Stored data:
• • • •

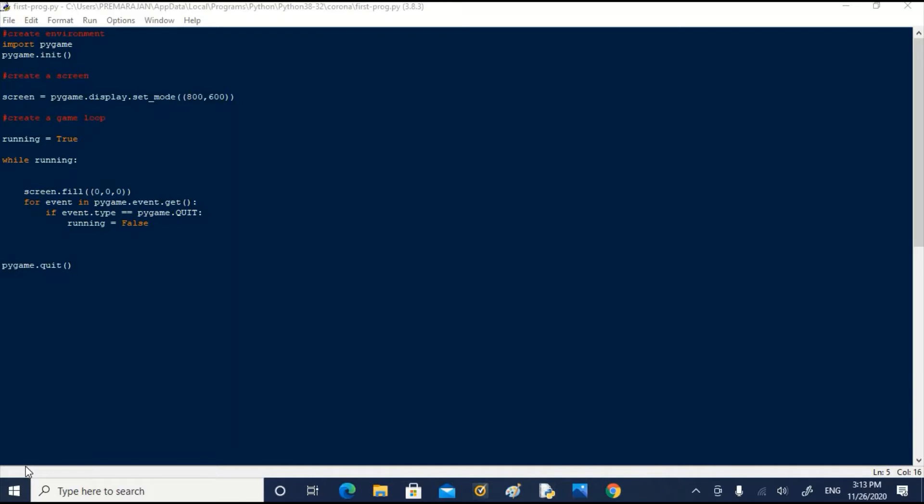Welcome back, let us go straight away to our workout file firstprog.py. Search for idle in search window and click open the app. It will take you to python shell. Open our folder corona and open our file.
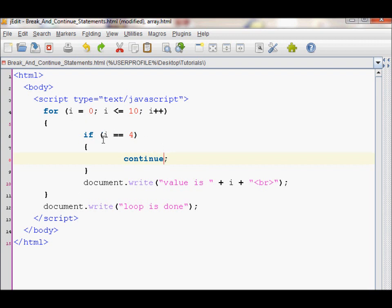When I is equal to 4, it will hit continue and it will end the loop but then continue the for loop with the number 5. Let's try this now.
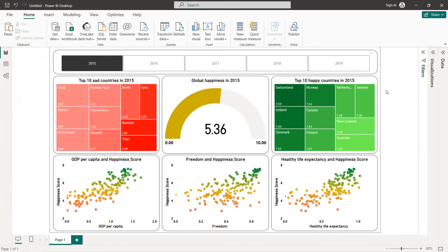We now have our final dashboard using world happiness data between 2015 and 2019. That's it for this tutorial — I hope you've learned new things. Thanks for watching and see you in the next tutorial.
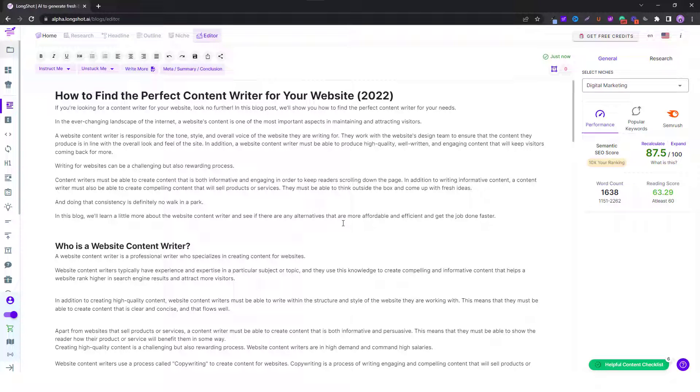Hello and welcome. In this video we will be looking at Longshot's blog conclusion generator. After you have created your content and wish to end it on a high note, you can generate a CTA-oriented conclusion with the click of a button.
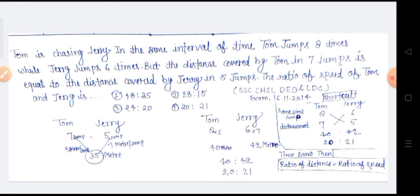40, 42 — तो अगर हम काटेंगे, तो 20 और 21 इसका final answer आएगा। अब यहां पे यह distance का ratio आया। हम जानते हैं कि अगर time same होता है, तो ratio of distance बराबर होता है ratio of speed के। अतः उनके जो speed का ratio है, वो भी 20:21 होगा।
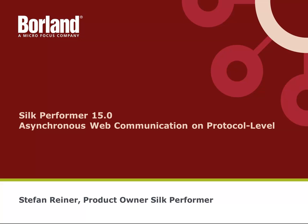This video is about asynchronous web communication on protocol level with Silk Performer 15. My name is Stefan Reiner, I am Product Owner of Silk Performer.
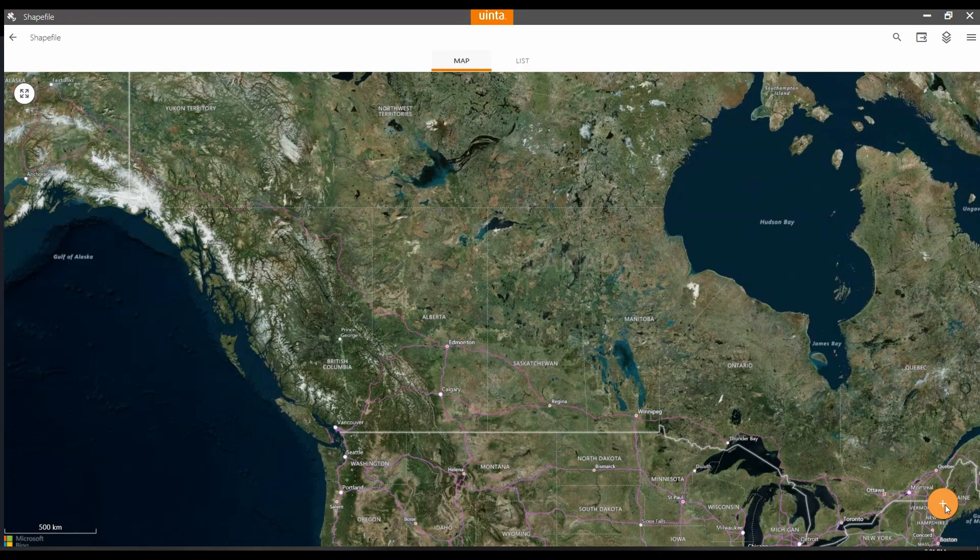Hi, this is Kayla with Benchmark. In today's video, I will be showing you how to import a shapefile into Juniper's Uinta software.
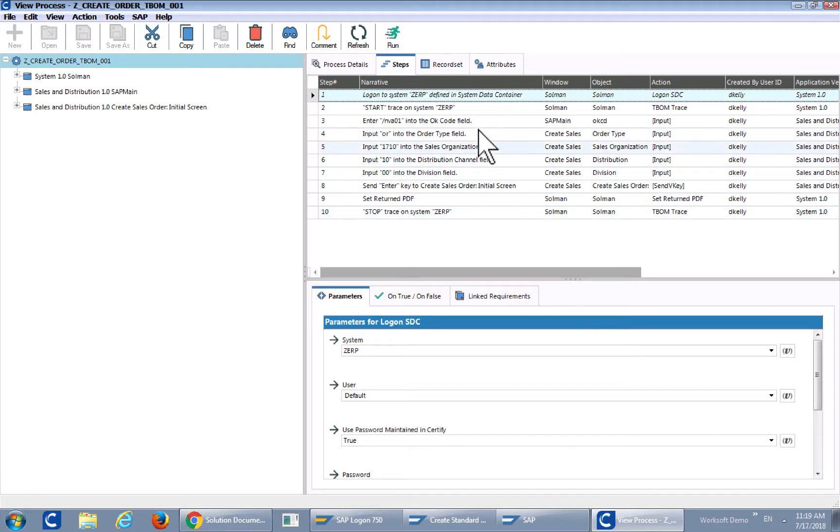So we need to add these two steps to tell solution manager to execute that T-BOM or generate that T-BOM itself.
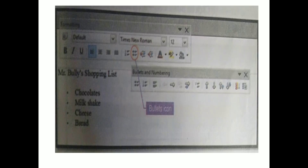Here they have clearly shown you the bullet icon in the output. Before 'chocolates' there is a small dot, which is the symbol called a bullet. The items — chocolates, milkshake, cheese, bread — are all given in a bullet list. I can follow any order: first I can write bread, after that cheese, after that chocolates. Whatever I want, I can write.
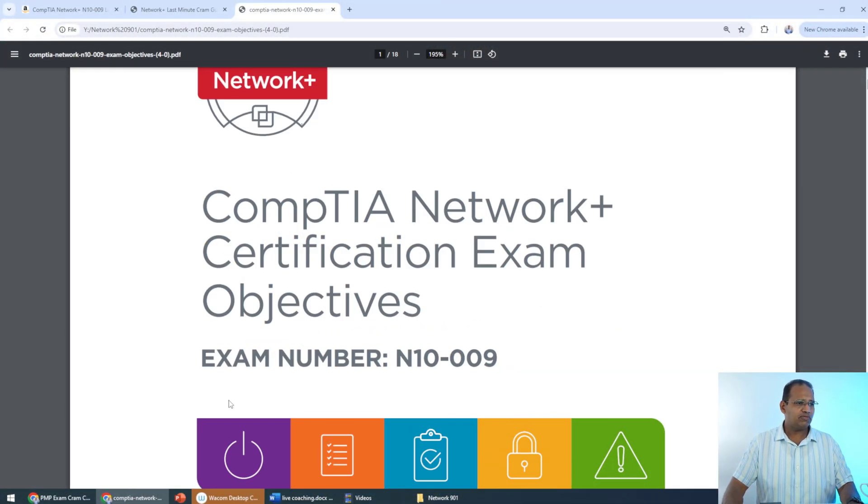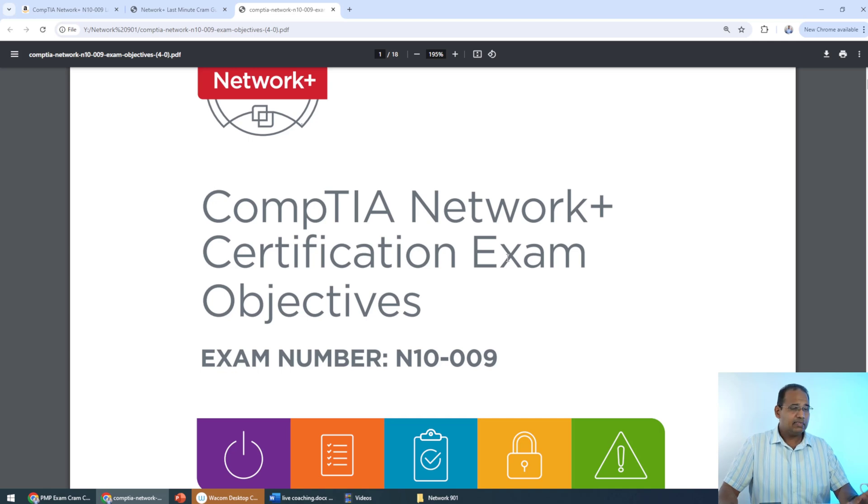CompTIA publishes the exam objectives, and I want to show you exactly what those look like. Here are the exam objectives for the N10-009, the latest exam. I want to point out that I actually took this exam — unlike many CompTIA instructors on the internet who were certified 20 years ago and never took the current exam. I was originally Network+ certified in 2001 or 2002, and I keep taking it every time I teach it.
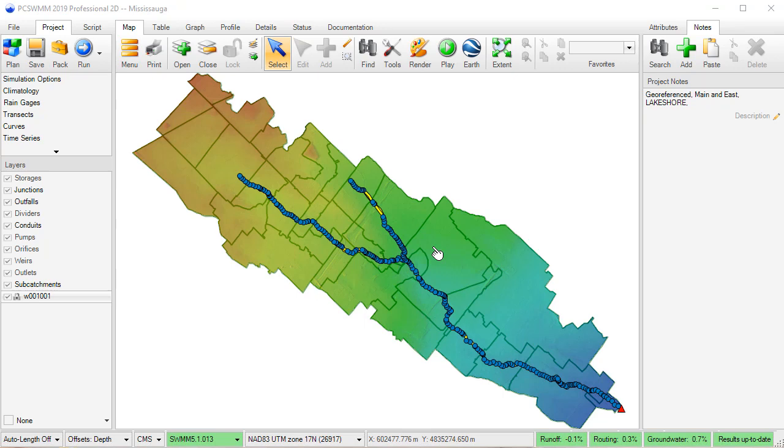In this video, I will be introducing the Storage Creator tool. This tool creates storage polygons by identifying pits in a DEM and then creates and assigns storage curves to storage units in a SWMM model.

• • • •

**INSTRUCTIONS FOR THE TASK:** Output exactly those lines of the data above that run from the line with "40, 42 — तो" up to and including the line with "Here they have". No pictures go in.

**EXERCISE RESULT:**
40, 42 — तो अगर हम काटेंगे, तो 20 और 21 इसका final answer आएगा। अब यहां पे यह distance का ratio आया। हम जानते हैं कि अगर time same होता है, तो ratio of distance बराबर होता है ratio of speed के। अतः उनके जो speed का ratio है, वो भी 20:21 होगा।
This video is about asynchronous web communication on protocol level with Silk Performer 15. My name is Stefan Reiner, I am Product Owner of Silk Performer.
Hi, this is Kayla with Benchmark. In today's video, I will be showing you how to import a shapefile into Juniper's Uinta software.
So we need to add these two steps to tell solution manager to execute that T-BOM or generate that T-BOM itself.
Here they have clearly shown you the bullet icon in the output. Before 'chocolates' there is a small dot, which is the symbol called a bullet. The items — chocolates, milkshake, cheese, bread — are all given in a bullet list. I can follow any order: first I can write bread, after that cheese, after that chocolates. Whatever I want, I can write.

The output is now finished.